Fucking nonsense, I say.

>> No.14966287

>>14957011
It's a shame because they wrote such poetic prose. Like, at certain times in the episode Ithaca in Ulysses it reads like a John Ashbery poem

>> No.14966290

>>14956495
I’m disappointed the Verse part wasn’t written in verse

>> No.14966396

>>14960051
>the overtaking of religion and spirituality by rationalism and materialism

Has that improved literature in any way?

>> No.14966439

The best poems, plays, short stories, and novels are far above anything any of the illiterates on this board can produce anyway.

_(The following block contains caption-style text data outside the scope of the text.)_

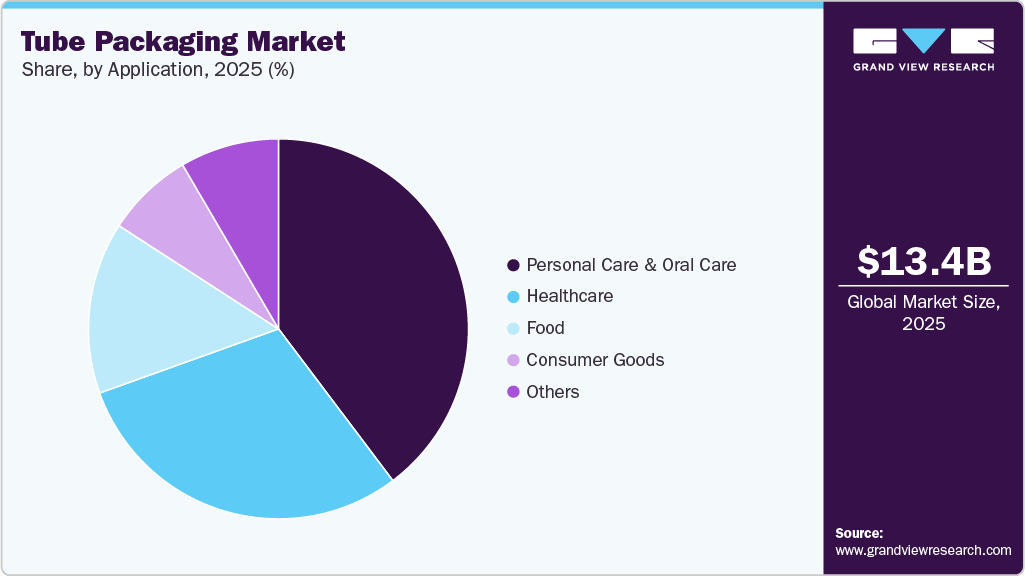 Tube Packaging Market Share Tube Packaging Market Share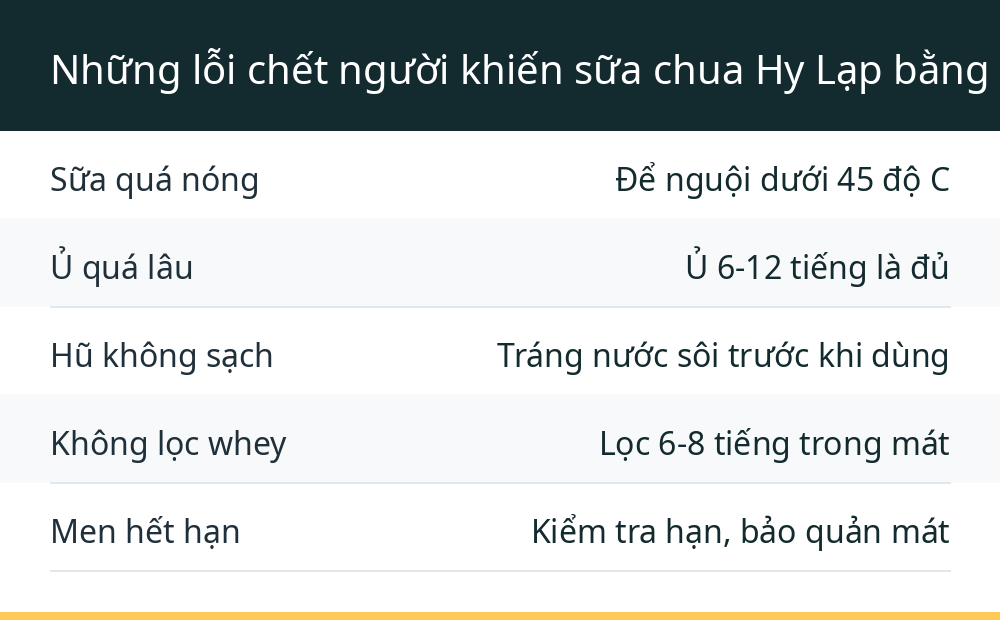 Những lỗi chết người khiến sữa chua Hy Lạp bằng men LactoFit bị hỏng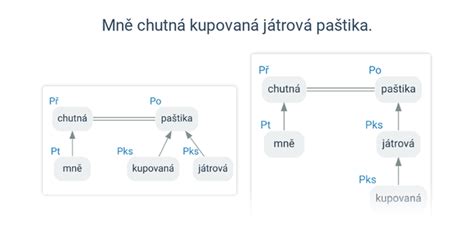 Grafické znázornenie zakoreňovania odrezkov oleandra vo vode a substráte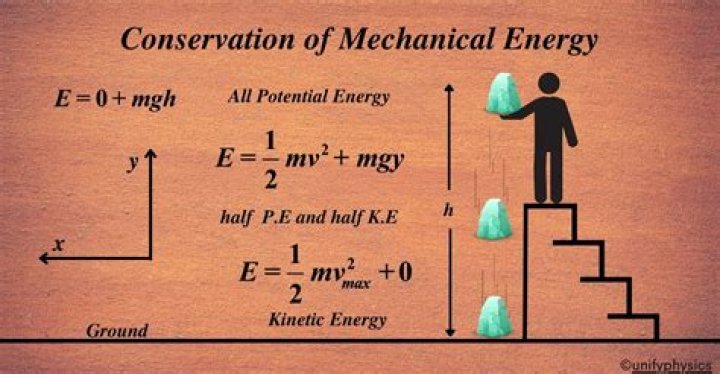 Why doesnt the principle of mechanical energy conservation hold in situations?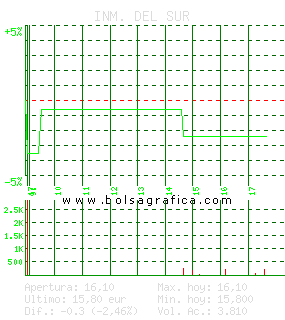 INM. DEL SUR. Pulsa para 5 d&iacute;as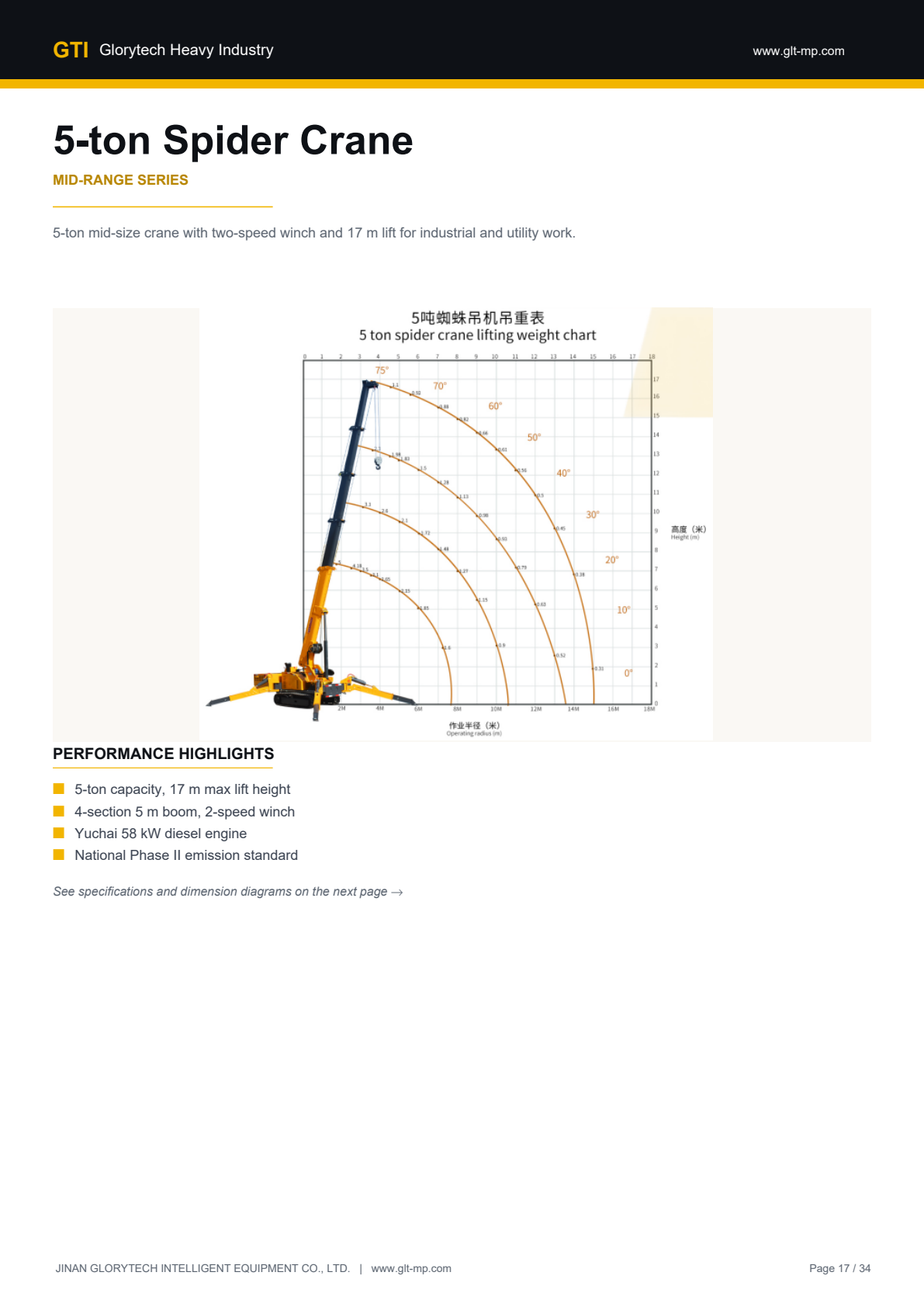 5-ton Crawler Spider Crane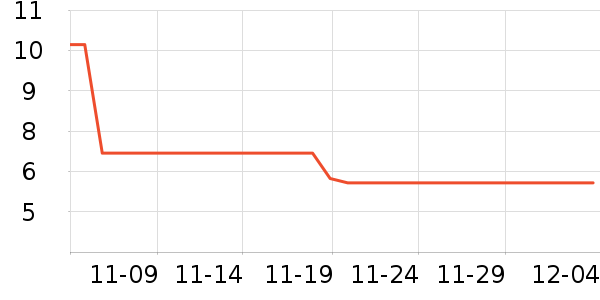 ������ة����ҩƷ��ʷ�۸�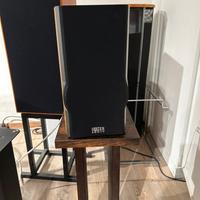 Stand supporti per diffusori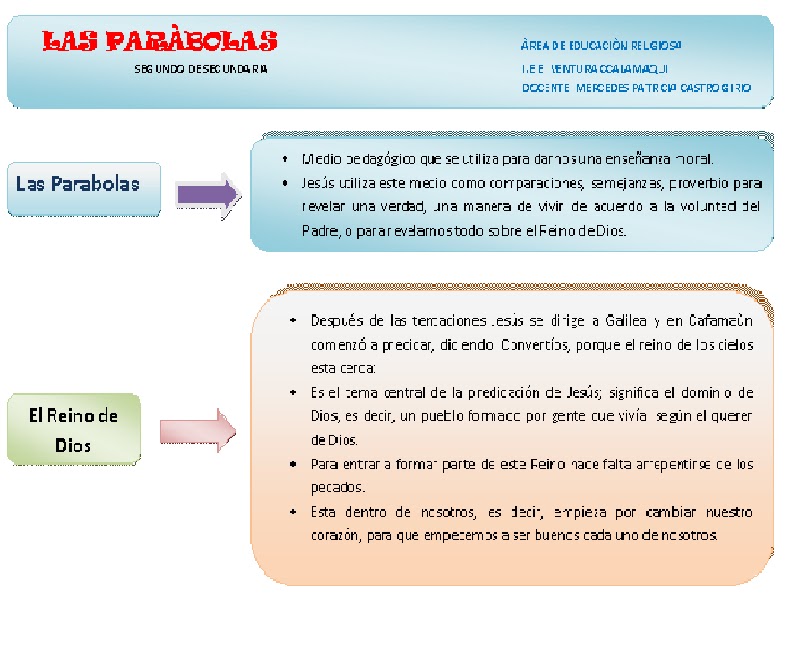 I.E. Ventura Ccalamaqui Vida pública de Jesús 1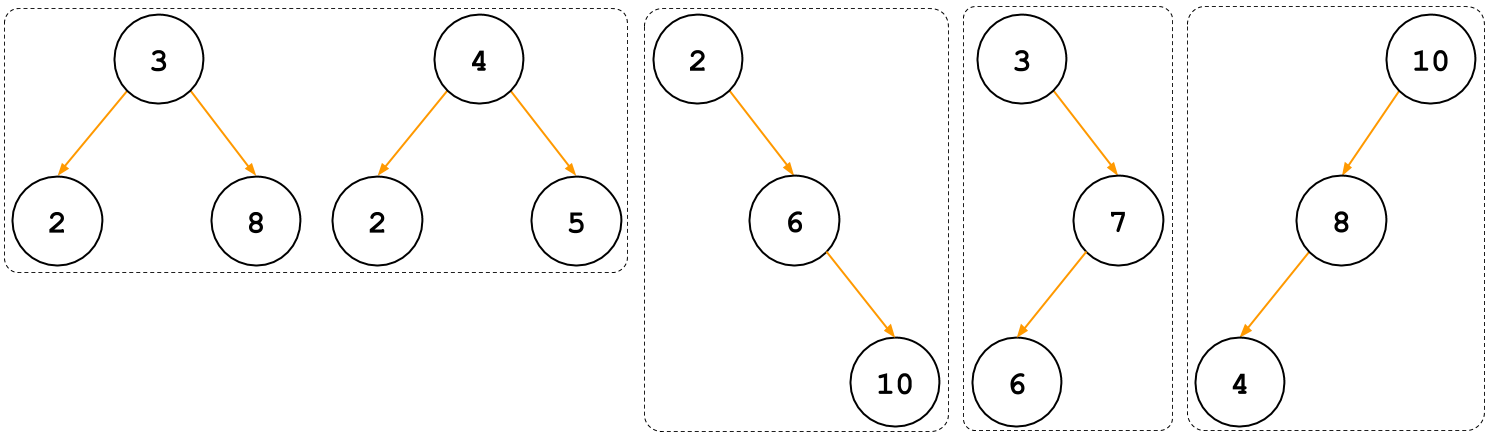 Štyri rozličné tvary stromov obsiahnuté v prototypoch v ukážkovom vstupe 1.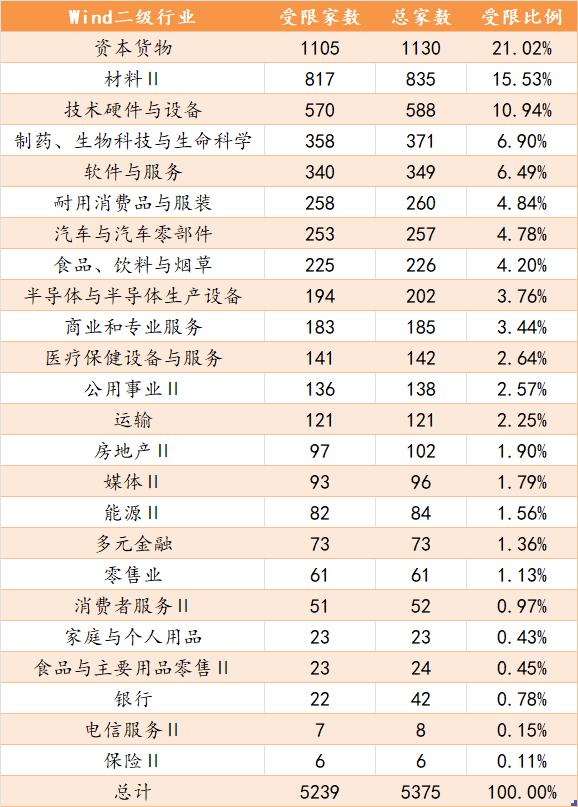 图片 1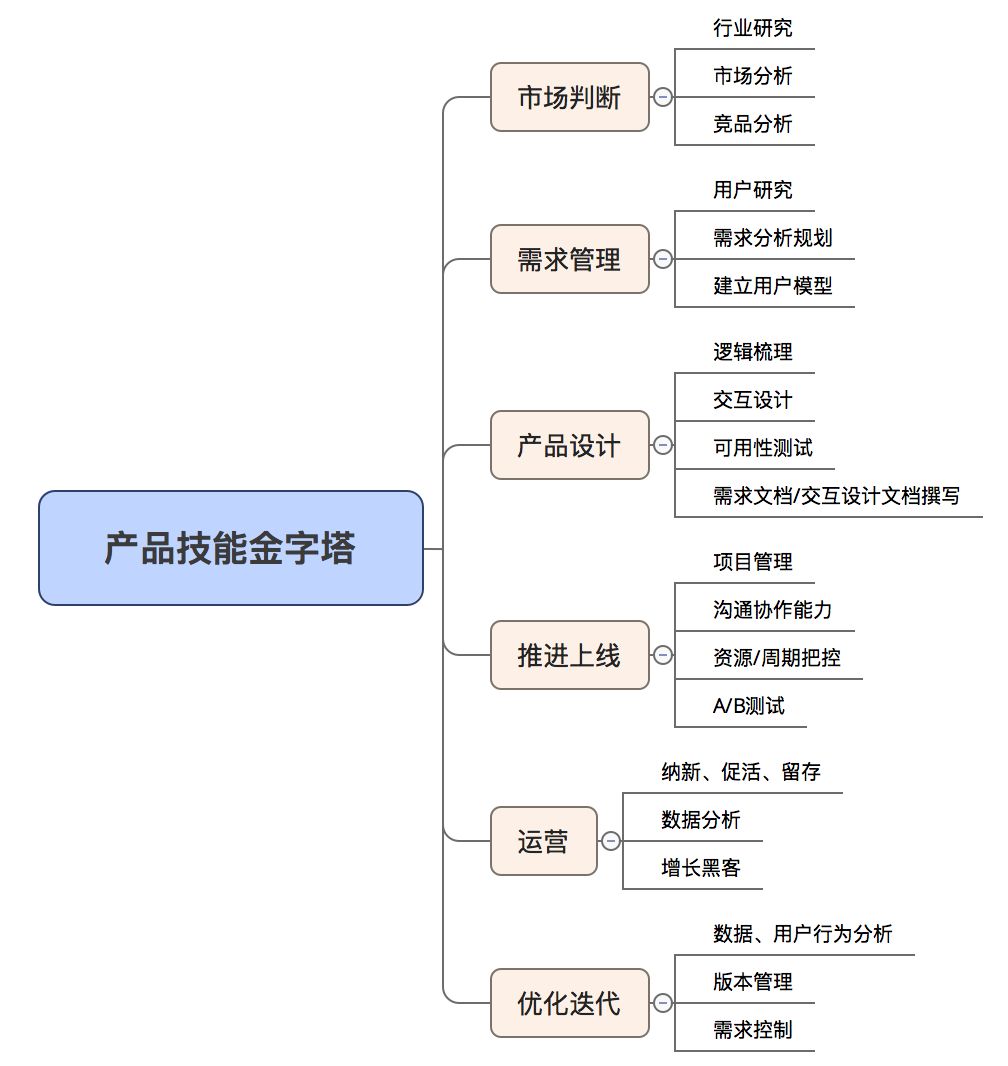 如何构建你的产品技能金字塔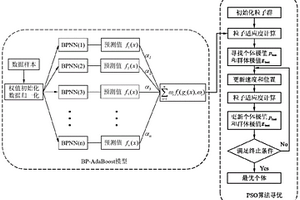 纖維增強復合材料的注塑工藝參數優化方法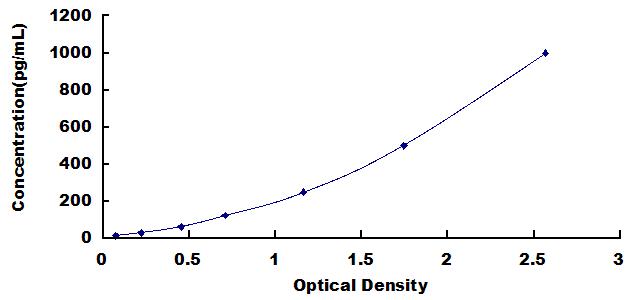 ELISA Kit for Neuron Derived Neurotrophic Factor (NDNF)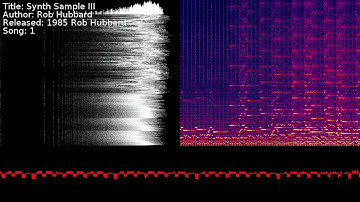 Rob Hubbard - Synth Sample III | Song 1 [#C64] [#SID]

Rather than tussle about stupid shit, read all of them and learn from all of them.

Poetry is the best form though since it does the most with least.

>> No.14966538

>>14966439
based

>> No.14966619

>>14959720
writing in verse is hard
writing in prose is easier

>> No.14967031

>>14960886
Look into the Norton Anthologies, anon. Highlight your favorite poems and go from there.

>> No.14967262

>>14966619
Prose is easier, but this is the equivalent of comparing Everest to K2. It both hard to achieve the poetic and philosophic concision of Yeats or Donne, as it is to achieve the sprawling historical immensity of Tolstoy or the wordplay of Joyce for pages and pages. One takes years of refinement and the other takes less refinement but more research and structuring. They are both immense endeavours.